On Friday, 7 March 2014 at 22:27:35 UTC, H. S. Teoh wrote:
> On Fri, Mar 07, 2014 at 09:58:39PM +0000, Vladimir Panteleev 
> wrote:
>> On Friday, 7 March 2014 at 21:56:45 UTC, Eyrk wrote:
>> >On Friday, 7 March 2014 at 20:43:45 UTC, Vladimir Panteleev 
>> >wrote:
>> >>No, it doesn't.
>> >>
>> >>import std.algorithm;
>> >>
>> >>void main()
>> >>{
>> >>   auto s = "cassé";
>> >>   assert(s.canFind('é'));
>> >>}
>> >>
>> >
>> >Hm, I'm not following? Works perfectly fine on my system?
>
> Probably because your browser is normalizing the unicode string 
> when you
> copy-n-paste Vladimir's message? See below:
>
>
>> Something's messing with your Unicode. Try downloading and 
>> compiling
>> this file:
>> http://dump.thecybershadow.net/6f82ea151c1a00835cbcf5baaace2801/test.d
>
> I downloaded the file and looked at it through `od -ctx1`: the 
> first é
> is encoded as the byte sequence 65 cc 81, that is, [U+65, 
> U+301] (small
> letter e + combining diacritic acute accent), whereas the 
> second é is
> encoded as c3 a9, that is, U+E9 (precomposed small letter e 
> with acute
> accent).
>
> This illustrates one of my objections to Andrei's post: by 
> auto-decoding
> behind the user's back and hiding the intricacies of unicode 
> from him,
> it has masked the fact that codepoint-for-codepoint comparison 
> of a
> unicode string is not guaranteed to always return the correct 
> results,
> due to the possibility of non-normalized strings.
>
> Basically, to have correct behaviour in all cases, the user 
> must be
> aware of, and use, the Unicode collation / normalization 
> algorithms
> prescribed by the Unicode standard. What we have in 
> std.algorithm right
> now is an incomplete implementation with non-working edge cases 
> (like
> Vladimir's example) that has poor performance to start with. 
> Its only
> redeeming factor is that the auto-decoding hack has given it the
> illusion of being correct, when actually it's not correct 
> according to
> the Unicode standard. I don't see how this is necessarily 
> superior to
> Walter's proposal.
>
>
> T

To me, the status quo feels like an ok compromise between 
performance and correctness. Everyone is pointing out that 
working at the code point level is bad because it's not correct 
but working at the code unit level as Walter proposes is correct 
even less often so that's not really an argument for moving to 
that. It is, however, an argument for forcing the user to decide 
what level of correctness and performance they need.

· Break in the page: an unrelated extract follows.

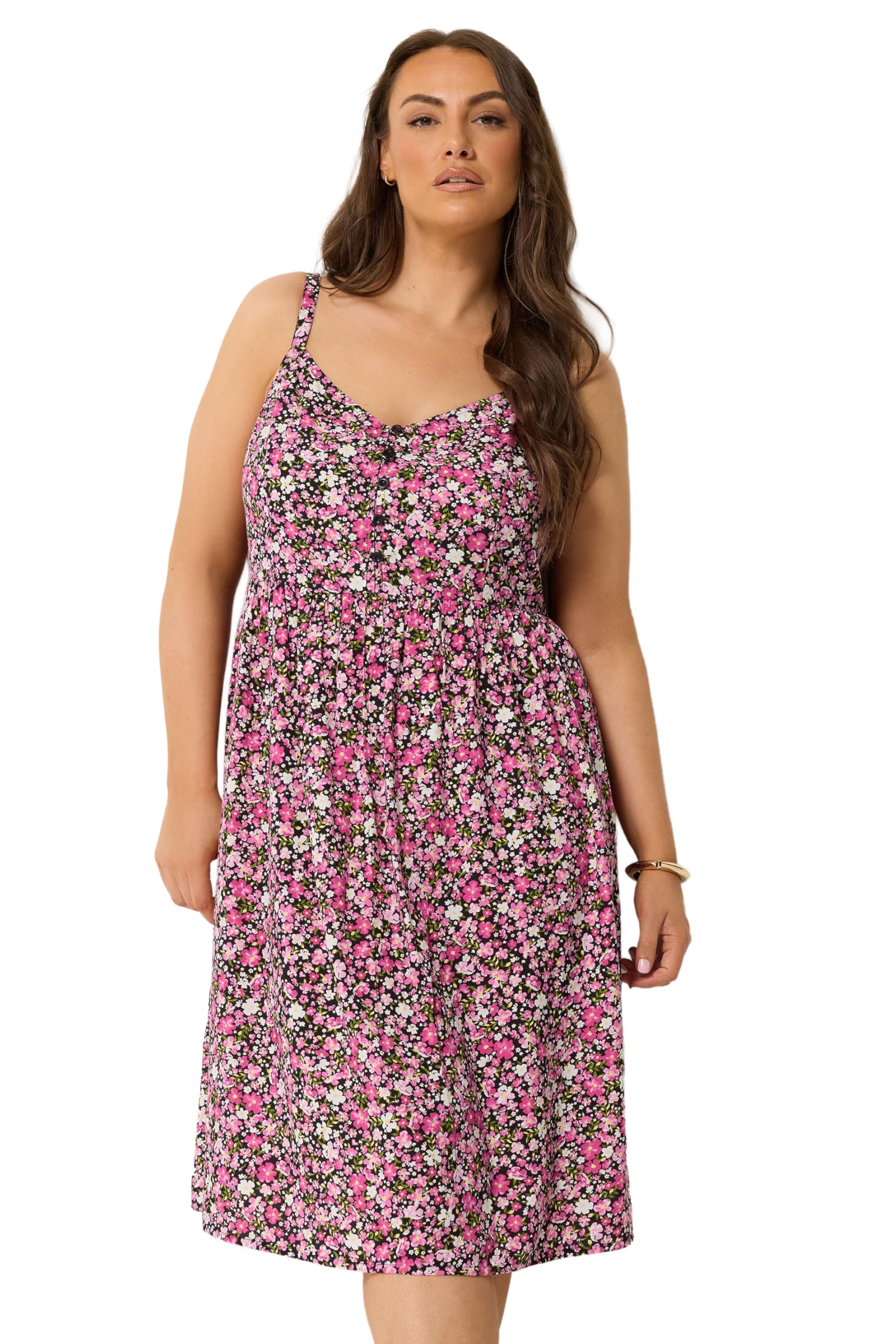 Yours Women's Sundress - Ditsy Floral - Pink - Size 26-28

Walter's idea (code unit level) would be fastest but least 
correct.
The current is somewhat fast and is somewhat correct.
The next level, graphemes, would be slowest of all but most 
correct.

It seems like there is just no way to avoid the tradeoff between 
speed and correctness so we shouldn't try, only try to force the 
user to make a decision.

Maybe some more string types are in order (hrm). In order of 
performance to correctness:

  string, wstring (code units)
  dstring         (code points)
+gstring         (graphemes)

(do grapheme's completely normalize? If not probably need another 
level, say, nstring)

Then if a user needs correctness over performance they just work 
with gstrings. If they need performance over correctness they 
work with strings (assuming some of Walter's idea happens, 
otherwise they'd work with string.representation).